Whether it's the Sherlock Holmes series or the Harry Potter series, Time Warner Inc. (TWX) is killing it at the moment, with revenues getting bigger still with the increased exposure in the mobile platforms. Needless to say, its operating margin of 20.04% is still higher than that of News Corp's (NWSA) 12.5%, Comcast's (CMCSA) 19.2% and Walt Disney's (DIS) 19.67%. Not to mention, its dividend yield of 2.74x is comparatively higher than Viacom's (VIAB) 2.15x and CBS's (CBS) 1.2x. Functionally speaking, Time Warner impressed me.
It shows in the fact that since the last six months, the price of a Time Warner stock has shot up by over 12%.
Technically speaking …
In the recent first quarter report, the company's revenues rose by 4% to $7 billion, which was partly fueled by people's dissatisfaction with Netflix nonetheless. Price can be a factor, remember. While the adjusted operating income went up by 6%, the company is sitting still. It repurchased 24 million shares for $889 million year-to-date through April 27, 2012.
Even in the previous year s annual report, yearly revenues went up to $29 billion in 2011 compared to $26.9 billion in 2010. Even operating income improved by 7%. Looking at the balance sheet, the current ratio lingers around the standard 1.5x margin. And from the cash flow statement, it seems the company is actively utilizing capital for the repurchase of common stocks, not to let capital sit idle on its own!
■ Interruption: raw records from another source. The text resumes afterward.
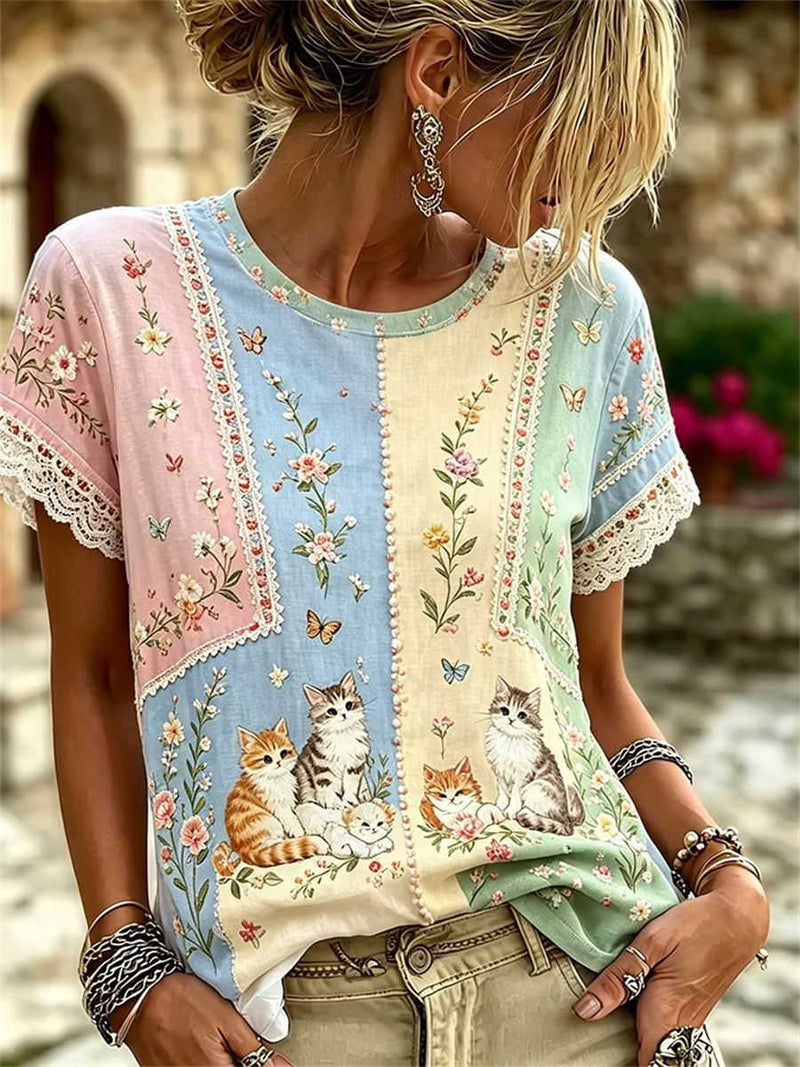 Women's Multi Embroidered Cats Floral Lace Trim Round Neck Short Sleeve Blouse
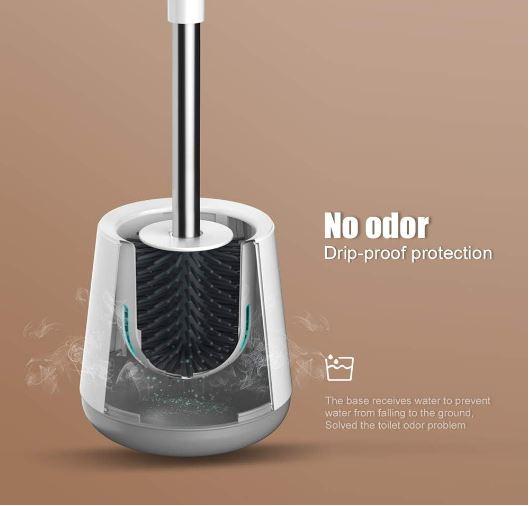 Silicone Toilet Brushes & Holders, Deep Cleaner, Toilet Brush with Quick Drying Holder Set for Bathroom Cleaning 6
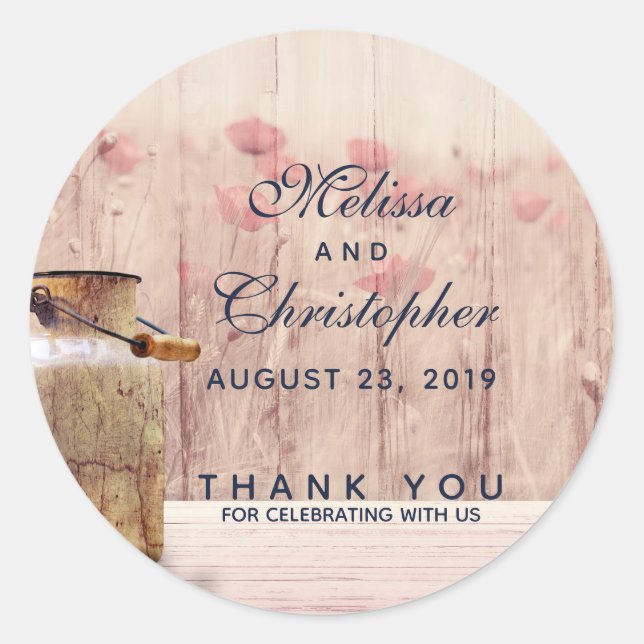 Rustic Milk Can Country Wedding Thank You Classic Round Sticker (Front)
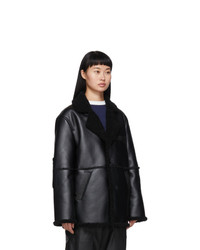 GR-Uniforma Black Faux Sheepskin Coat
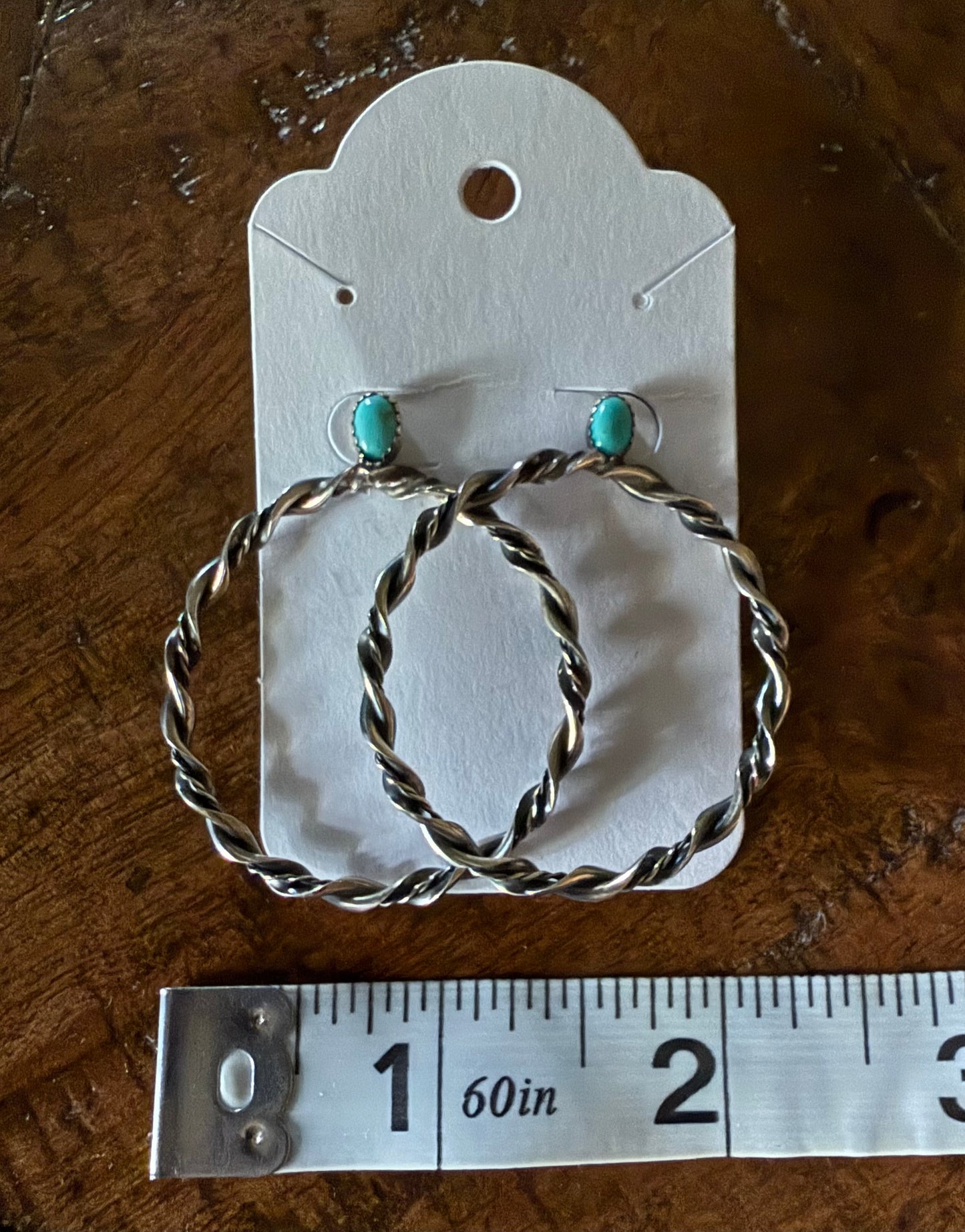 Sterling Turquoise Hoop Post Earrings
Drawing a conclusion from the investment reports alone, one can predict stock price rise in the coming few years.
On the business front …
In May 2011, Jeffrey L. Bewkes, CEO and Chairman of Time Warner Inc., took a clever decision of acquiring Flixster, a highly popular movie discovery application company with over 25 million worldwide users per month. The acquisition also includes Rotten Tomatoes, a top website devoted to film reviews, information and news. Under the terms of the deal, Flixster will continue to operate independently and will expand its services beyond movie discovery to enable digital content ownership and delivery across any connected digital device.
With the acquisition of Flixster and the consumer application "Digital Everywhere", I would say that Time Warner group is well on its path to capture the online craze these days and ever-increasing HUGE online market as soon as possible!
If you are looking for value investment, Time Warner might be a good fit for your long-term portfolio.